バイアス:われわれが複雑な世界を単純化するために試みる、心理学的にも神経学的にもあらかじめプログラミングされた方法は、貧弱な情報や不十分な状況認識に基づいていることが多い。結論を急ぎ、手っ取り早い一時しのぎの解決策でごまかし、時間をかけて眼前の問題に取り組むことをせず、ひたすら先へと急ぐ。いったん立ち止まって処理するための時間や空間を取ることはめったになく、そのほうが結果が良いに違いないという見通しをもって耐え忍ぶ。
常に自分が正しくありたいというエゴ:われわれのエゴ(自我)は強い影響力を持つ。エゴは自己認識を阻害することが多く、ストレス、恐怖、不信を引き起こす。幅広い知識とノウハウを示せば賢いと思われる。多くの組織がそれを基準に昇進を決めている。だから、間違って恥をかくことを恐れ、不確かな未知の事柄に挑戦せず、成長の機会を失う。

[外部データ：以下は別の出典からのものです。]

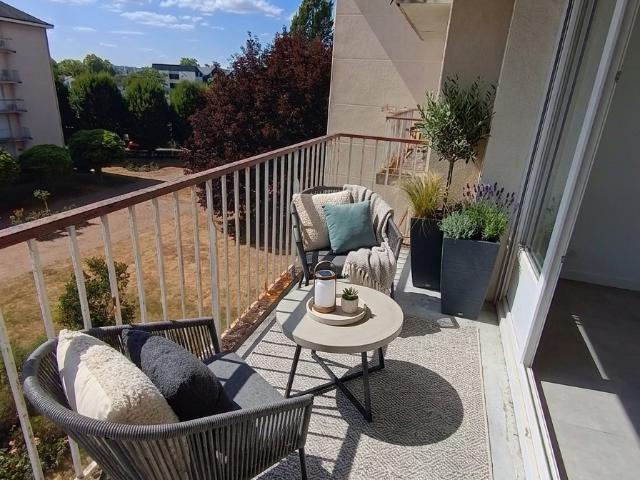 Appartement vente à Angers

評価と報酬を得ることに傾注する:授業で正しい答えを出すことで評価されていた幼い頃と同様、会社では現状維持する企業体質の下、言われたとおりのことを行う人が評価される。われわれは「これをすれば、これが手に入る」という条件付きの人間関係を結ぶ。こうした枠組みに慣れてしまうと、当然ながら「手に入る」ほうにだけ集中してしまい、「行為」の目的や、そもそもどうしてそれをやるのかという価値を考えることを忘れてしまう。この因果関係をもっとも典型的に示すのが、個人が多額のボーナスという報酬を得たいがために倫理にもとる行動をしてしまい、その予期せざる結果として世界的な金融危機が起きるに至ったという現実だ。
不確かなことやリスクに対応する能力(あるいは能力がないこと):われわれは、どれほど確実性を追求し、どれほどリスクを回避しようとするか。人は不確実性よりも予測可能な結果を好むことが研究によってわかっている――その結果がポジティブなものであろうと、ネガティブなものであろうと、だ。アーチー・ド・バークが率いるチームは、確率が50対50に近づき、不確実性がピークに達するとき、われわれの脳内ではドーパミンの量が急上昇し、交感神経系が作動することを発見した。これは素早く行動を起こすための準備だ。ストレスが増し、心は不確実な選択肢に抵抗を示す。これをビジネスの場面に置き換えれば、リーダーは不確実な結果を回避するためなら何でもやるということになる。
好奇心、あるいは好奇心の欠如:新しい情報やまだ答えの出ない疑問に、どれくらい興味を持つか。自分の行動でそれを探求し、さらなる発見をする気があるか。好奇心こそが、現状から抜け出し、知識の限界を押し広げる鍵だ。たとえば、最近誰かがあなたの視点とは異なる考え方を示したときに、あなたが即座にそれを拒絶せず「面白いね、もっと教えて」と言ったのはいつだっただろう?
環境:われわれの職場、業界や市場、住んでいる地域社会、世界中の状況や構造、社会規範。身の回りの環境が価値を認めるものに、われわれも価値を感じる。かつてのローマ人たちのように、あなたをとりまく環境はアンラーンに価値を認め、積極的に実践しているだろうか?
アンラーンは、すでに知っている確かなものを手放し、心を開いて不確かなものを受け入れるという、自分の弱さを認める行為だ。成長し、影響力を持つためには、自分が知っていることは十分ではなく、新しい情報や考え方、行動が必要であると認めることが必要なのだ。